_What is needed_: Please, in the data that follows, copy exactly the lines from the line with "Afbeelding van Neutrik" through the last one, both included. Do not include pictures.

_The data_:
[Start of Attachment]

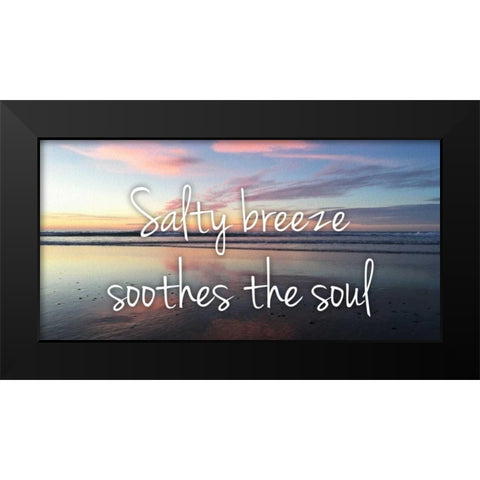Salty Breeze Black Modern Wood Framed Art Print by Prime, Marcus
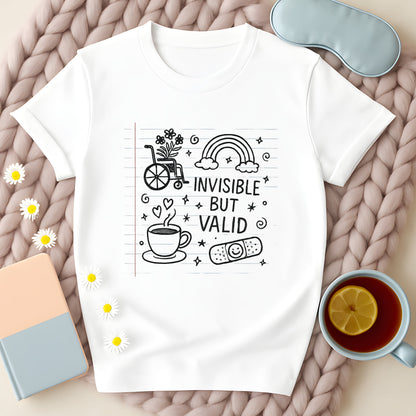 Invisible But Valid Notebook Doodle T-Shirt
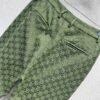 GUCCI series green jacquard suit trousers Advanced handmade high-quality trousers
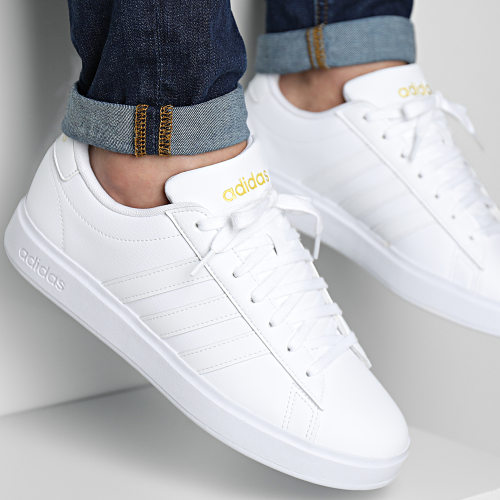 Baskets Grand Court 2.0 GW9213 Footwear White Gold Metallic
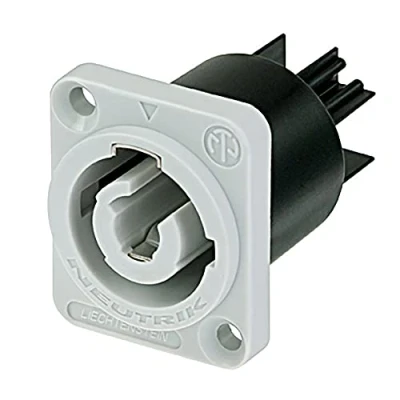 Afbeelding van Neutrik NAC3MPXXB Netstekker powerCON Stekker, inbouw verticaal Totaal aantal polen: 2 + PE 20 A Grijs 1 stuk(s)
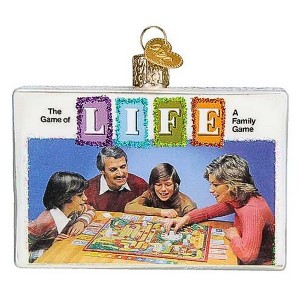 Old World Christmas 2.75 In The Game Of Life Board Game Family Tree Ornaments - 1 of 3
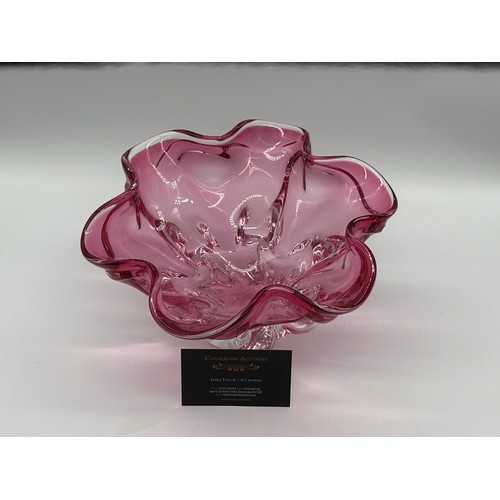 103 - A large piece of Czech bohemian mid century art glass designed by Josef Hospodka, 5x10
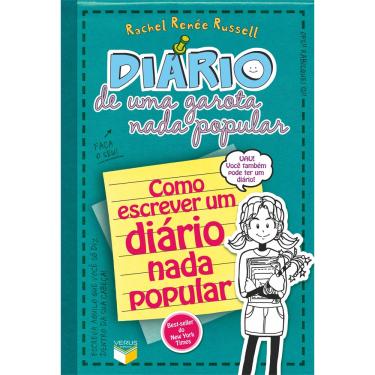 Imagem de Livro - Diário de Uma Garota Nada Popular - Como Escrever um Diário Nada Popular - Volume 3 ½ - Rachel Renée Russell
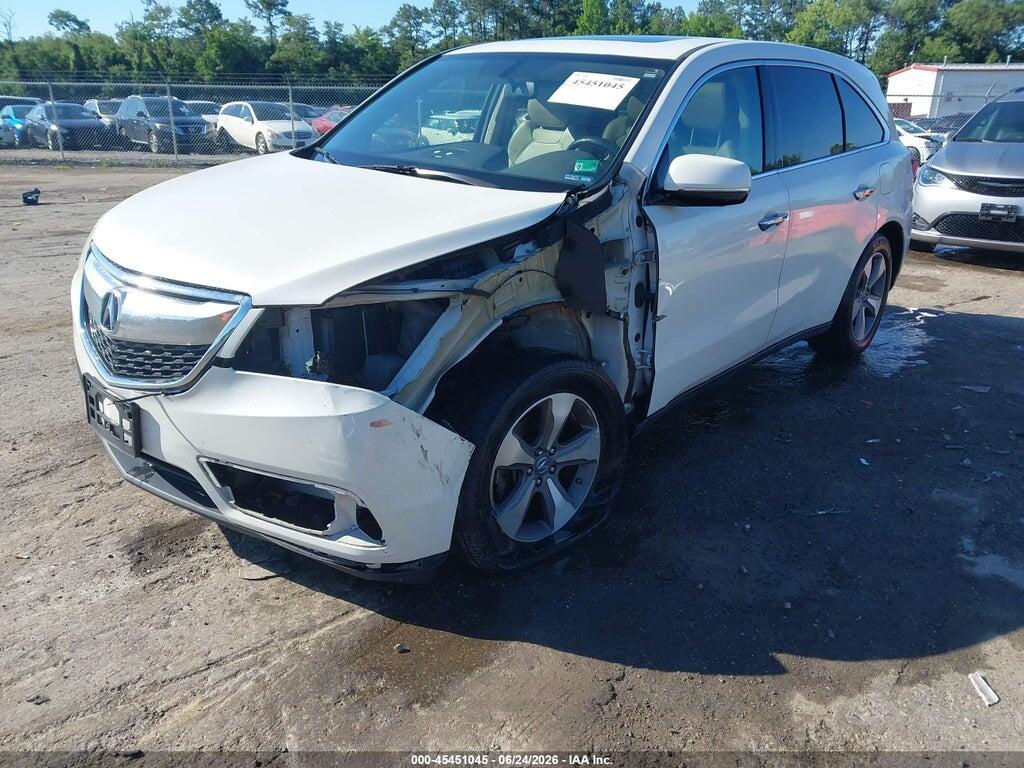 5FRYD3H28EB006778 2014 ACURA MDX photo no. 2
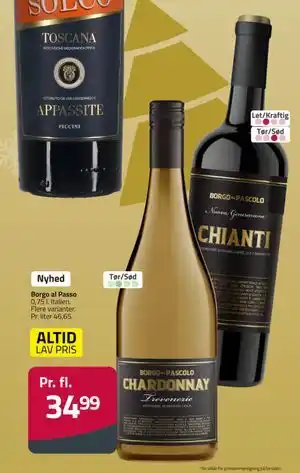 Fleggaard Borgo al Passo, DKK 34.99 tilbud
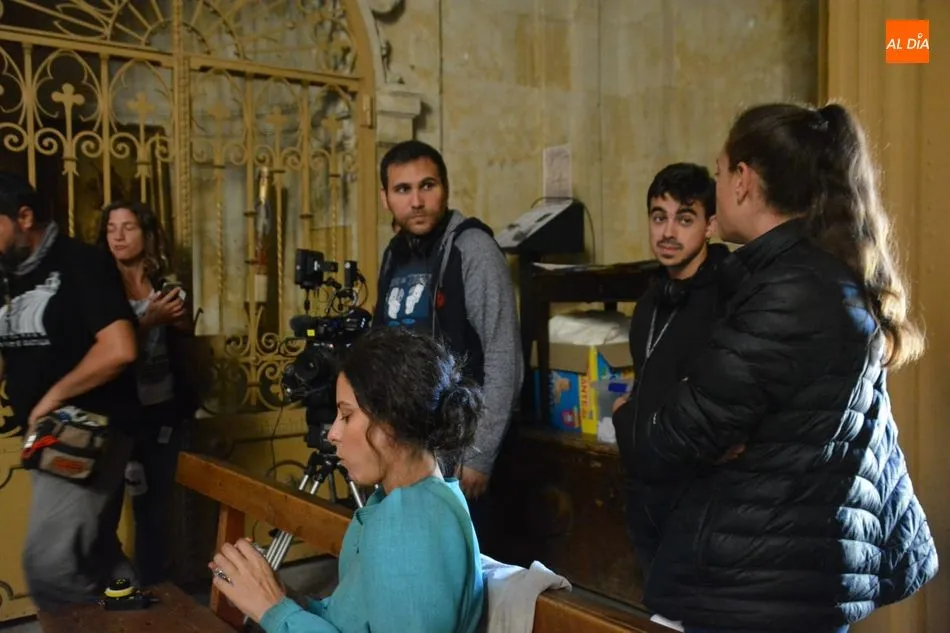 Foto 2 - Primeras tomas en Salamanca del rodaje de la pel&iacute;cula sobre el arzobispo Claret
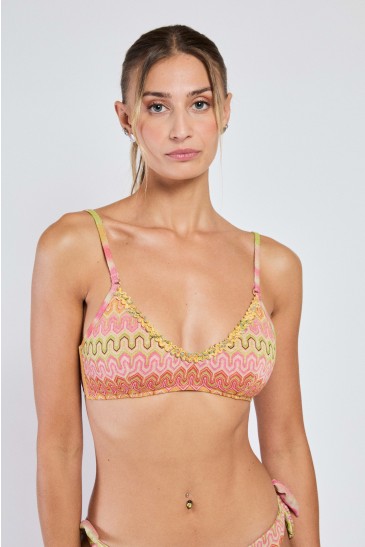 BRASSIERE ARCOIRIS FUXIA-VERDE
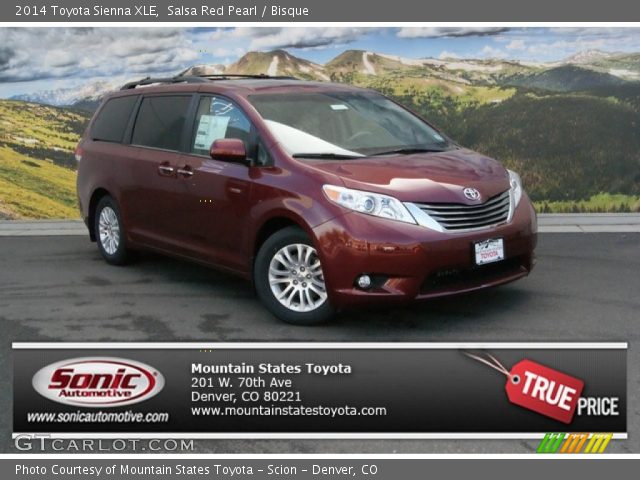 2014 Toyota Sienna XLE in Salsa Red Pearl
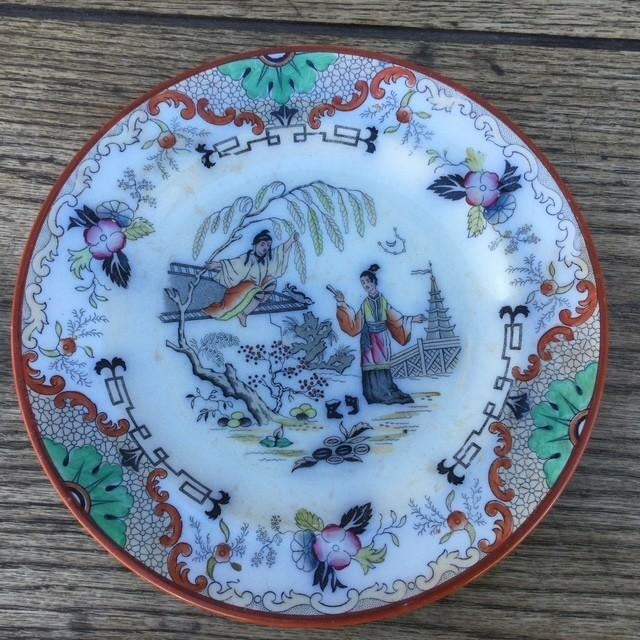 2 Porseleinen bordjes PETRUS REGOUT MAASTRICHT, Ophalen of Verzenden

[End of Attachment]

_Expected answer_:
 Afbeelding van Neutrik NAC3MPXXB Netstekker powerCON Stekker, inbouw verticaal Totaal aantal polen: 2 + PE 20 A Grijs 1 stuk(s)
 Old World Christmas 2.75 In The Game Of Life Board Game Family Tree Ornaments - 1 of 3
 103 - A large piece of Czech bohemian mid century art glass designed by Josef Hospodka, 5x10
 Imagem de Livro - Diário de Uma Garota Nada Popular - Como Escrever um Diário Nada Popular - Volume 3 ½ - Rachel Renée Russell
 5FRYD3H28EB006778 2014 ACURA MDX photo no. 2
 Fleggaard Borgo al Passo, DKK 34.99 tilbud
 Foto 2 - Primeras tomas en Salamanca del rodaje de la pel&iacute;cula sobre el arzobispo Claret
 BRASSIERE ARCOIRIS FUXIA-VERDE
 2014 Toyota Sienna XLE in Salsa Red Pearl
 2 Porseleinen bordjes PETRUS REGOUT MAASTRICHT, Ophalen of Verzenden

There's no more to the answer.